Plus tard me sont revenues à la mémoire toutes les histoires dont je ne suis ni fier, ni satisfait. Et je rabâche ces instants comme autant de cailloux dans ma vie, en me redisant que je m’en serais bien passé. Vous vous passeriez bien de certaines choses, n’est-ce pas ? Je n’ai pas besoin de vous faire un dessin. Vous savez ce qui coince, et où ça coince.

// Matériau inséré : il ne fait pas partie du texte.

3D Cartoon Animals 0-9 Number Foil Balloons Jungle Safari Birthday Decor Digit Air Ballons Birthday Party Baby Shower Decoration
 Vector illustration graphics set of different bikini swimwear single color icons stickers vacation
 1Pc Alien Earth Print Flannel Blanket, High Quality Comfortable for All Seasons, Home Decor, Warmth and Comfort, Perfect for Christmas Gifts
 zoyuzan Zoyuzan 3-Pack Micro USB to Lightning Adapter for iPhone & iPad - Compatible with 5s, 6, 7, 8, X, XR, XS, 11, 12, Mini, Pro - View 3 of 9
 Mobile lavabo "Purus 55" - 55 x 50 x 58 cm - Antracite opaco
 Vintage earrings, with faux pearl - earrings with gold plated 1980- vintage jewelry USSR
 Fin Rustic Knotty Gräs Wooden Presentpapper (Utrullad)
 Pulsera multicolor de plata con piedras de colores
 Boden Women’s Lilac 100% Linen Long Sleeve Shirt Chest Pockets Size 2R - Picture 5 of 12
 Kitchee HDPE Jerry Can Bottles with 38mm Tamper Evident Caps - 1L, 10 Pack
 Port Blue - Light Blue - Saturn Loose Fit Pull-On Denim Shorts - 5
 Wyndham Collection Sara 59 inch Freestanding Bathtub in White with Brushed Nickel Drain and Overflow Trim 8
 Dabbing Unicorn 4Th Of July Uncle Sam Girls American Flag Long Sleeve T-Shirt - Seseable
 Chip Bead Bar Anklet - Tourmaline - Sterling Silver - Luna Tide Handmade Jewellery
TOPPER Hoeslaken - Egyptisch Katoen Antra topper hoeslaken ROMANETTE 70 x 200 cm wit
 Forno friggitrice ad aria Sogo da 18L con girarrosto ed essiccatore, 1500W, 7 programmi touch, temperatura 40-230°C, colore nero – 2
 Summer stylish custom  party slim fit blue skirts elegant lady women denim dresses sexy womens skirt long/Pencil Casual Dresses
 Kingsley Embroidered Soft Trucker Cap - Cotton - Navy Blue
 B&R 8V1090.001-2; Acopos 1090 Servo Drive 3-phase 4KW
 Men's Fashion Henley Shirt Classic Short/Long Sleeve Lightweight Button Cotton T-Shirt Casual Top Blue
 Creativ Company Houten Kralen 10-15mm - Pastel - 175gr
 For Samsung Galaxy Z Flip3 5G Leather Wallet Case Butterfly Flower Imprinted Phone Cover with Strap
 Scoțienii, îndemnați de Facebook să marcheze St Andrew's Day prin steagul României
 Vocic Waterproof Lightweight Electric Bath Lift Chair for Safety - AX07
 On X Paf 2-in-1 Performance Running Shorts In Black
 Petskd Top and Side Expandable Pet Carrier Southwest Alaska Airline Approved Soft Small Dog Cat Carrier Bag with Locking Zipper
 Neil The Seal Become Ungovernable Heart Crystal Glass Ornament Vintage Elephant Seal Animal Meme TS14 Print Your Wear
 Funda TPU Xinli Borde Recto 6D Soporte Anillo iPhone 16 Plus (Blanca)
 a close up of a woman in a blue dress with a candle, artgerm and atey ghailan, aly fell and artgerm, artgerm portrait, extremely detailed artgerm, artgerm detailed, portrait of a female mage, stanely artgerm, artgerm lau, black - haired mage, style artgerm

Pour les lépreux, ça coince de partout. Non seulement ils sont physiquement malades, pas atteints d’un simple refroidissement, mais d’une infirmité mutilante. Ils sont exclus de la communauté humaine du temps de Jésus, et ce jusqu’en 1930. Au point de ne vivre qu’entre eux, comme des rebuts d’humanité qu’on aimerait oublier.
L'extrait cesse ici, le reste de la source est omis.